Uyarılma ve deliryum başlangıç ​​dönemi yakında hastaların uyuşukluğuna, kendilerine ve başkalarına karşı tamamen kayıtsız kalmalarına yol açar. Bilinç karışır. Zaman zaman ortaya çıkan kaygı nöbetlerine şiddetli hezeyan ve bir yerlerden kaçma girişimleri eşlik eder. Bu tür saldırılar sonunda hastaların gücünü zayıflatır, yaşamları hızla kaybolur. Yüzün derisi, boğulan bir insanınki gibi önce mavi, sonra toprak grisi olur. Yüzde büyük ter damlaları belirir (G.P. Rudnev'e göre "vebanın çiği"). Yakında nabız belirlenmeyi bırakır, ardından ilerleyici bir azalma fenomeni ile tansiyonölüm gelir

Bundan kısa bir süre önce, uzuvların ve gövdenin derisinde pirinç tanelerinden kiraz çekirdeklerine ve daha büyüklerine kadar çeşitli boyutlarda çok sayıda kanama görülür. Tüm hastalığın süresi genellikle 3-4 günü geçmez.

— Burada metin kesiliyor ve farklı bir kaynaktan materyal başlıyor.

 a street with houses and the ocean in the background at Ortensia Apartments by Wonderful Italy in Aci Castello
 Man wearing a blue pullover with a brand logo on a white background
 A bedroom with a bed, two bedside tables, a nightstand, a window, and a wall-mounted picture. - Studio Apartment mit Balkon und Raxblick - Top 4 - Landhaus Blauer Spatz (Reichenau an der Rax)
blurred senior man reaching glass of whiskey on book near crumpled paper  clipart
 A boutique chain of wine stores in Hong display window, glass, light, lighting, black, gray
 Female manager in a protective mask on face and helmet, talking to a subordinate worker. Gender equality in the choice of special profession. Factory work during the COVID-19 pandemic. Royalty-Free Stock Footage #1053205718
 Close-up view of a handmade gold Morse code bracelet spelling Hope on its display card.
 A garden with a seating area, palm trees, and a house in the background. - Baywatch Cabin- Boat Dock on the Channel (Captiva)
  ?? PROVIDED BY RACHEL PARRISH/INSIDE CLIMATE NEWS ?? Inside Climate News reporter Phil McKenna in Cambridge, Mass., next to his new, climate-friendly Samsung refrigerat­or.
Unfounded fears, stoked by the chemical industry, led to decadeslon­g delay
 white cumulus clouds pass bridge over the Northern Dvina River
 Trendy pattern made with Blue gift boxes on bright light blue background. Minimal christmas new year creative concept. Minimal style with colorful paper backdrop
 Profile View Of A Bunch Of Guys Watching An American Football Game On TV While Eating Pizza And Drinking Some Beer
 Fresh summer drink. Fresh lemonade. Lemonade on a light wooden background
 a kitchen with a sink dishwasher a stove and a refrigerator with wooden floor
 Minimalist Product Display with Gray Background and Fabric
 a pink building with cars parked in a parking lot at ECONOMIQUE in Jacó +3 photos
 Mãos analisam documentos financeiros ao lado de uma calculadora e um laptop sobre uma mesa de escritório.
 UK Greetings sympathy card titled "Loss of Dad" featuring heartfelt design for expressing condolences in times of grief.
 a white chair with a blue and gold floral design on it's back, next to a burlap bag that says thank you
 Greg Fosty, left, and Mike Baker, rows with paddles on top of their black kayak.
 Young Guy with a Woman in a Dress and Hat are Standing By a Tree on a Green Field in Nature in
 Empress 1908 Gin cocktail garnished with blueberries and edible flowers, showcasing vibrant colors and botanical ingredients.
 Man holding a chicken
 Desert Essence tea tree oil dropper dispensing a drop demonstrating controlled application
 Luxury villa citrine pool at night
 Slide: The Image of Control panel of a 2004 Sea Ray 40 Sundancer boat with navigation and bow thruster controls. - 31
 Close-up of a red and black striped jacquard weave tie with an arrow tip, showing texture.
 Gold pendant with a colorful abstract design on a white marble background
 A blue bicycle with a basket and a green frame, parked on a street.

Patolojik anatomik çalışmalar, vebanın pnömonik formunda, akciğerlerdeki enflamatuar değişikliklerin fokal, daha az sıklıkla lober hemorajik pnömoni veya plöropnömoniye karşılık geldiğini göstermektedir. Bu odaklarda yoğun kanamalar var, akciğer dokusunun nekrozu alanları, büyük veba mikropları birikimleri var. Hastalığın daha erken bir döneminde ölen kişilerde akut pulmoner ödem tablosu daha sık bulundu.

İkincil pnömonik veba, birincil olanla aynı klinik semptom kompleksine sahiptir. Ancak birincil veba sürecinin vücutta neden olduğu lezyonların arka planında gelişmeye başlar.